Bank of Mum and Dad5 Aug 2016
Unlocking your housing wealth6 Oct 2016
Buy-to-Let tax changes
At the moment, landlords can claim tax relief on their mortgage interest payments at their marginal rate of tax. However, under new plans introduced by former chancellor George Osborne in his 2015 summer Budget, tax relief will be cut to a marginal rate of 20 per cent and landlords will have to pay tax on their rental income before costs (mortgage interest) have been subtracted.
The new system is being phased in from 2017. By 2020, when the rules are fully in place, some landlords will face dire consequences.

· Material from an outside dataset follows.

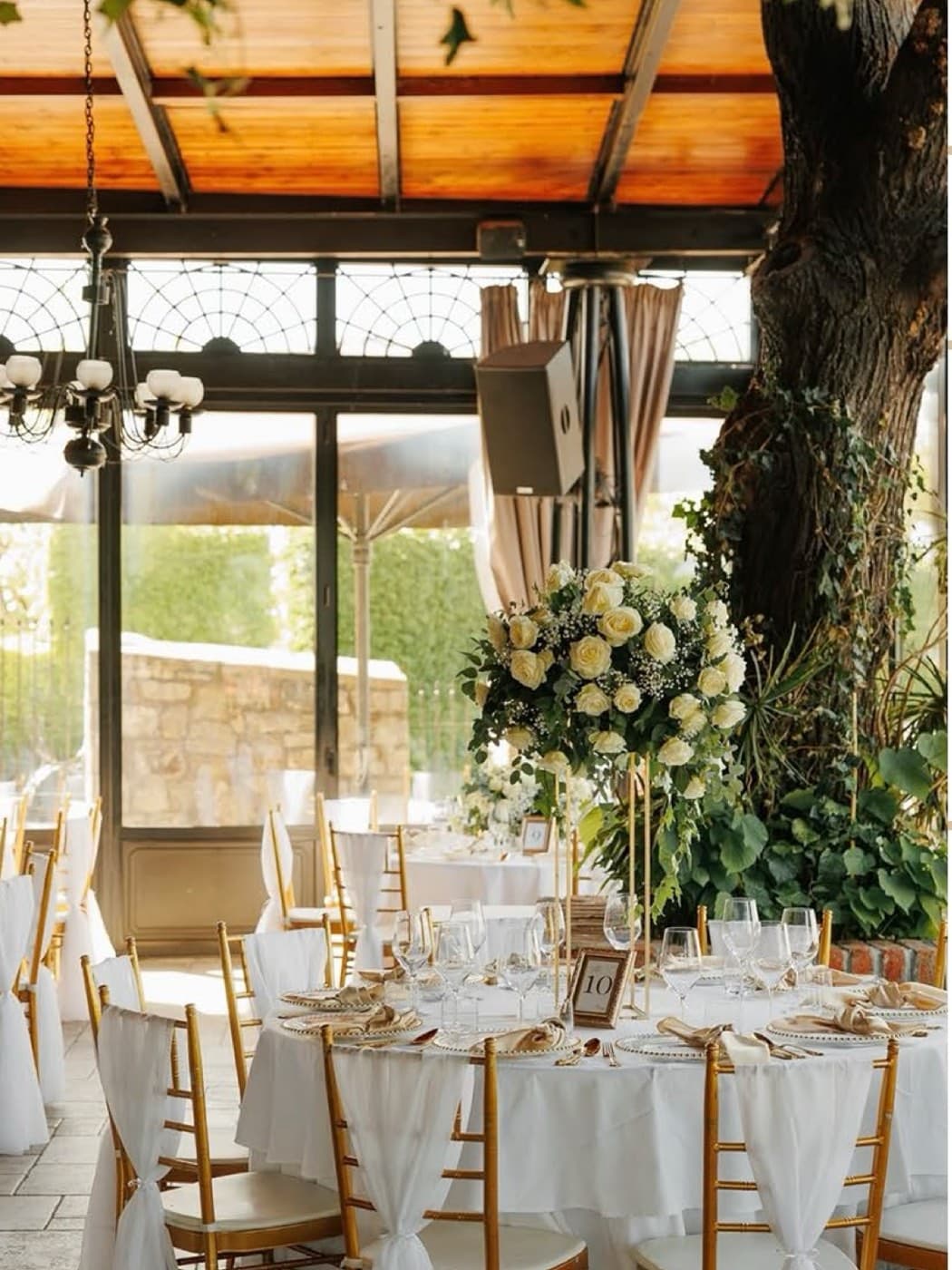 Tables set around the old tree inside the conservatory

A landlord has a loan of £150,000 at 5 per cent and brings in £1,000 a month in rent. Annual income is £12,000, of which £7,500 is spent on mortgage payments and £4,500 is profit.
Under the current rules, since the mortgage cost attracts full tax relief, 40 per cent income tax only applies to the £4,500 profit – an income tax bill of £1,800. After tax, that leaves the landlord with £2,700 net profit for the year.

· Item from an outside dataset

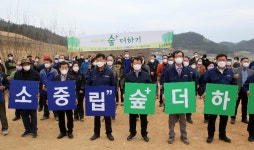 신안 임자도에 홍매화 1400주 식재 탄소중립 실천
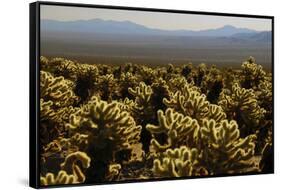 Cholla Cactus Garden, Joshua Tree National Park, California, USA-Michel Hersen-Framed Stretched Canvas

Under the new rules, in 2020, the entire £12,000 income will be taxable, but there’s relief of up to 20 per cent for the mortgage.
So there’s a full liability of 40 per cent on £12,000 (£4,800), but the landlord can claim 20 per cent relief on the £7,500 spent on the mortgage (£1,500), cutting the tax bill to £3,300. So from that £4,500 profit the landlord now gets just £1,200 after tax.
The fact that the full income is taxable means people may be pushed into a higher tax band. Under the current rules, only the profit is considered for tax purposes.
So a basic-rate taxpayer earning a £35,000 salary plus that £4,500 of profit would have £39,500 of taxable income. With the new rules, that landlord with a £35,000 salary would also have the full £12,000 of rental income counted: a total taxable income of £47,000, which would push them into the higher-rate tax band.
Post Courtesy of Money Observer.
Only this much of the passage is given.